Certains jeunes français s’installent à l’étranger, surtout aux USA, où les « business angels » sont beaucoup plus ouverts qu’en France. En France, la BPI (Banque Publique d’Investissement) est insuffisante par rapport aux besoins de toutes les startups… et les banques ne prêtent pas beaucoup aux petites et moyennes entreprises (PME) et ne prêtent pas du tout aux créateurs d’entreprises. De plus, lorsqu’une startup est devenue une PME installée en France, c’est difficile pour elle de grossir pour devenir un ETI (Etablissement de Taille Intermédiaire).
Les PME butent sur le financement au-delà de 10 M€ par les fonds de capital risques et de capital développement et sur l’accès aux commandes publiques… un espèce de plafond de verre.
L’investissement français devrait être plus orienté vers le secteur productif en expansion. A ce jour, aucune mesure gouvernementale n’a permis de réorienter les investissements… et la BPI et les nouveaux sites de crowdfunding assurent une partie des financements, mais surtout sur la partie création…plus difficilement sur la partie croissance…
Lorsqu’une entreprise se crée sur un seul nouveau produit ou une nouvelle idée, il lui faut se développer rapidement dans le monde entier pour éviter que le marché ne soit comblé par d’autres concurrents potentiels.
Peu de financeurs français l’ont compris, car l’exportation n’est pas un point fort des français et le décalage est frappant entre les entreprises exportatrices en France (80 000) et en Allemagne (750 000). La langue anglaise reste sans doute encore un problème majeur pour beaucoup de créateurs français !
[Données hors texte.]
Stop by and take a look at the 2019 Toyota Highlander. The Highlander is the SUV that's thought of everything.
La jungle administrative en France : Le plus souvent, les dirigeants de startups passent beaucoup de temps pour apprendre la jungle administrative française : le fisc, les relations avec l’administration, les impôts, les réunions institutionnalisées avec les représentants du personnel, puis les Comités d’Entreprises (CE)… Dès qu’elles grossissent, les startups sont étranglées par le fisc et les centrales d’achats qui, en France, savent bien écraser tout ce qui bouge sur leur passage…
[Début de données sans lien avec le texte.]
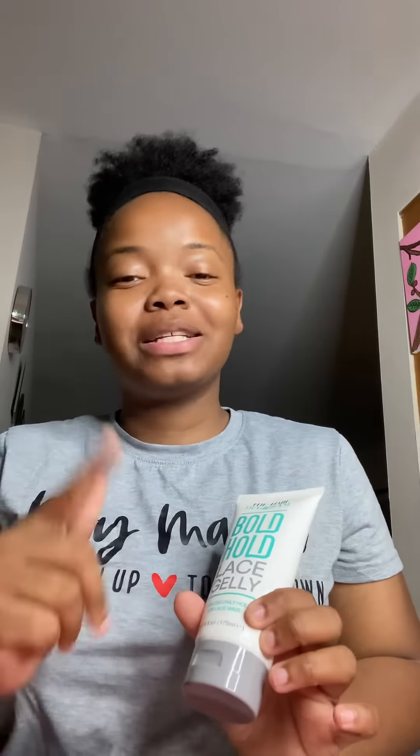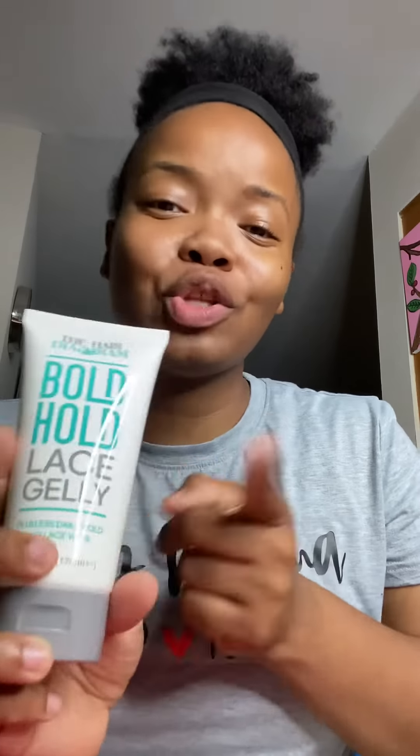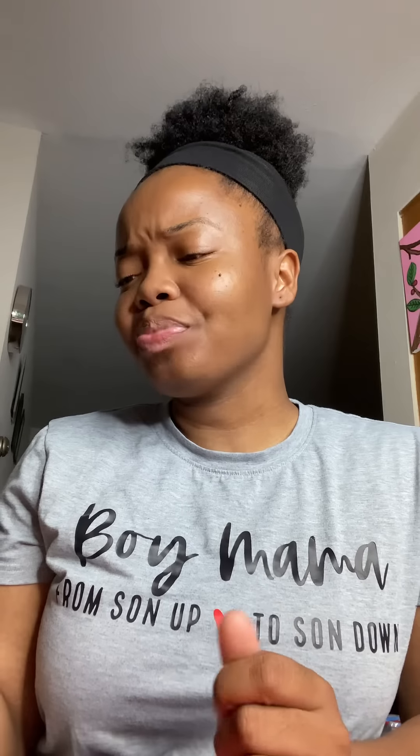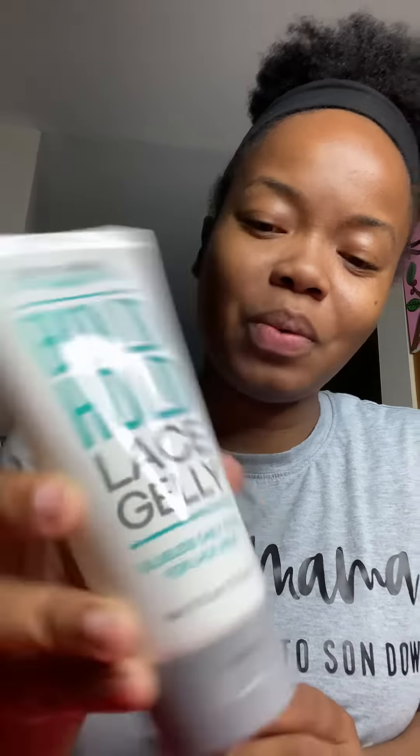Look what came, you guys — the Boho Lace Gel! It came just in time because next week, next Thursday, is my birthday and I'm gonna be using this. I'm gonna go get my hair done, my lace wig install. Yes, just in time! This is from Hair Diagram — the Boho Lace Gel, a glueless daily hold for lace wigs.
Les startups et le fisc : Les taxes et impôts sont à déclarer et à payer à dates fixes avec des exonérations si l’entreprise s’implante dans un territoire à revitaliser…Comme si la France n’était pas dans sa totalité à revitaliser !
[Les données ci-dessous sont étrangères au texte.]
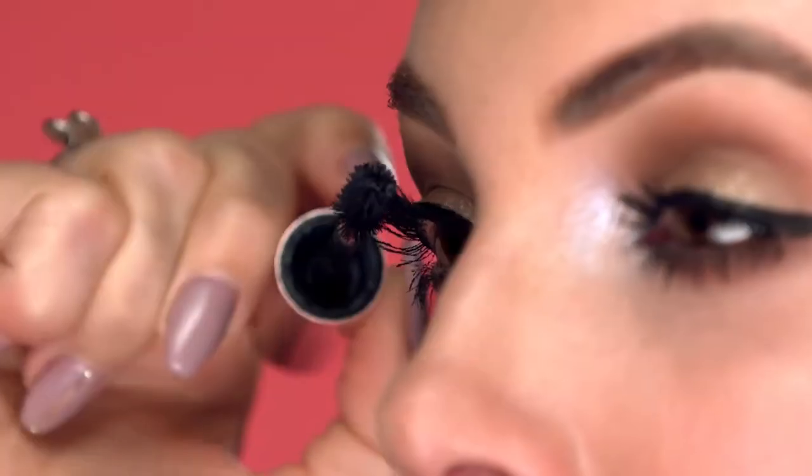Hey guys, Elise here, Global Pro Artist for Too Faced, and I'm going to show you how to get the biggest, sexiest lashes, the Too Faced way, using Better Than Sex Mascara.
En France, toutes les contraintes ne devraient pas être obligatoires pendant les années de croissance rapide, sans doute pas avant cinq ans. Il faudrait laisser un temps d’adaptation à une société innovante avant de lui imposer les charges sur les salaires, ne parlons pas de l’impôt sur les bénéfices qui est inexistant pour les startups mais surtout les contrôles de l’URSSAF ou les contrôles fiscaux qui font perdre un temps fou aux dirigeants.
Les startups et les centrales d’achat : Les centrales d’achats sont capables d’imposer des conditions de paiement aux PME (à 90 jours par exemple), très dures, car les PME n’ont jamais une trésorerie énorme. J’ai vu au jury de l’institut Français du Design, une startup à qui nous avions donné un Janus (label de bon design) contrainte de vendre sa société de confection de vêtements de travail à un groupe français qui a ainsi complété sa gamme. La créatrice de la société était étranglée, par les centrales d’achat de la distribution qui commercialisait ses vêtements de protection. Les paiements à 90 jours et les rétro-commissions qu’elles imposent écrasent les trésoreries des PME et devraient être interdits par la loi…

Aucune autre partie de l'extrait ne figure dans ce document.